### [SUPPLIED ENTRIES]

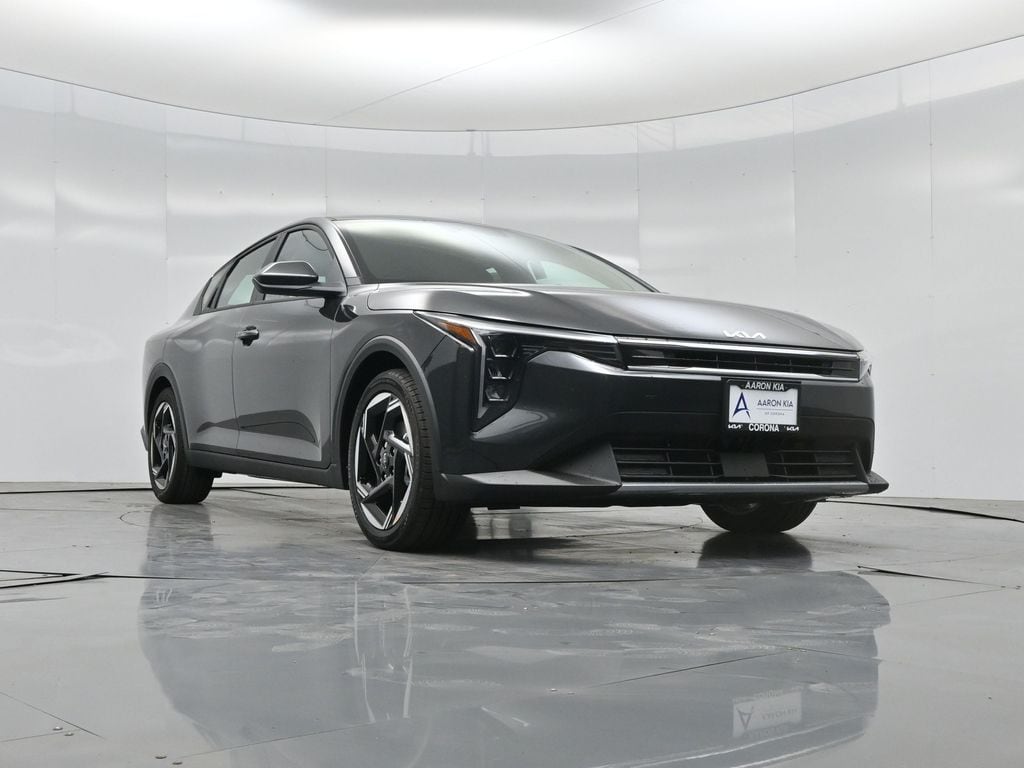 New 2026 Kia K4 EX Sedan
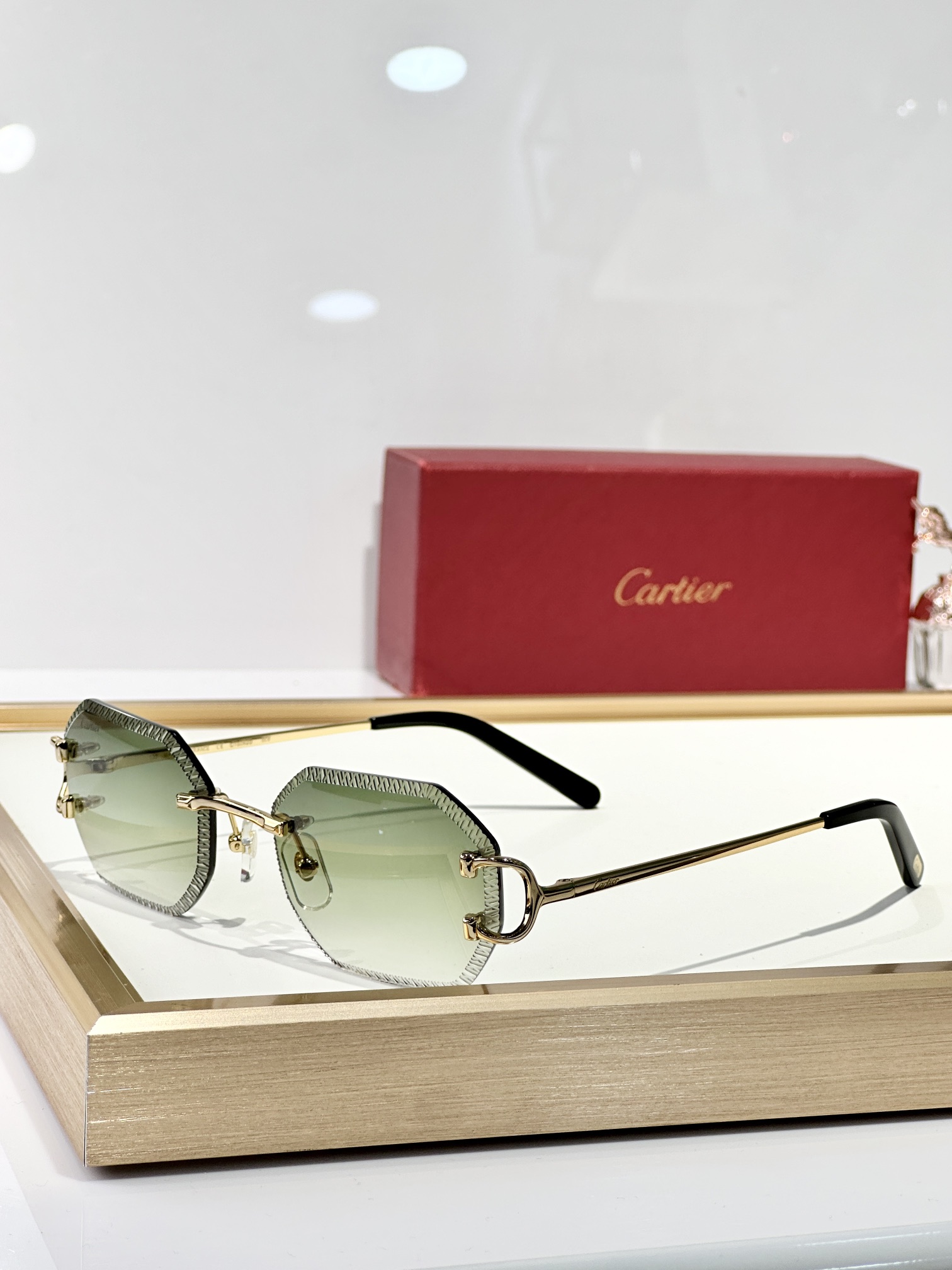  Cartier
MOD：CT0092O
Size：55口18 135
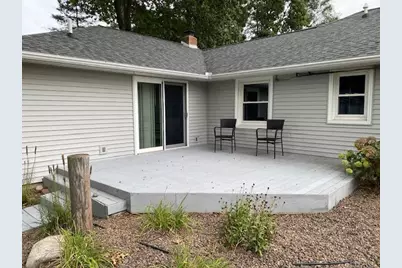 290 N 30th Street, Springfield, MI 49037 - Photo 20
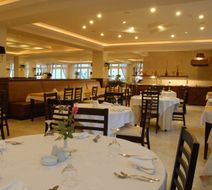 Oscar Resort Hotel Restaurant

### [ABOUT THIS EXERCISE]
Could you give again precisely the lines from the one containing "MOD：CT0092O" through the final line of the material above, both included, and no others, dropping the pictures?

### [WRITTEN SOLUTION]
MOD：CT0092O
Size：55口18 135
 290 N 30th Street, Springfield, MI 49037 - Photo 20
 Oscar Resort Hotel Restaurant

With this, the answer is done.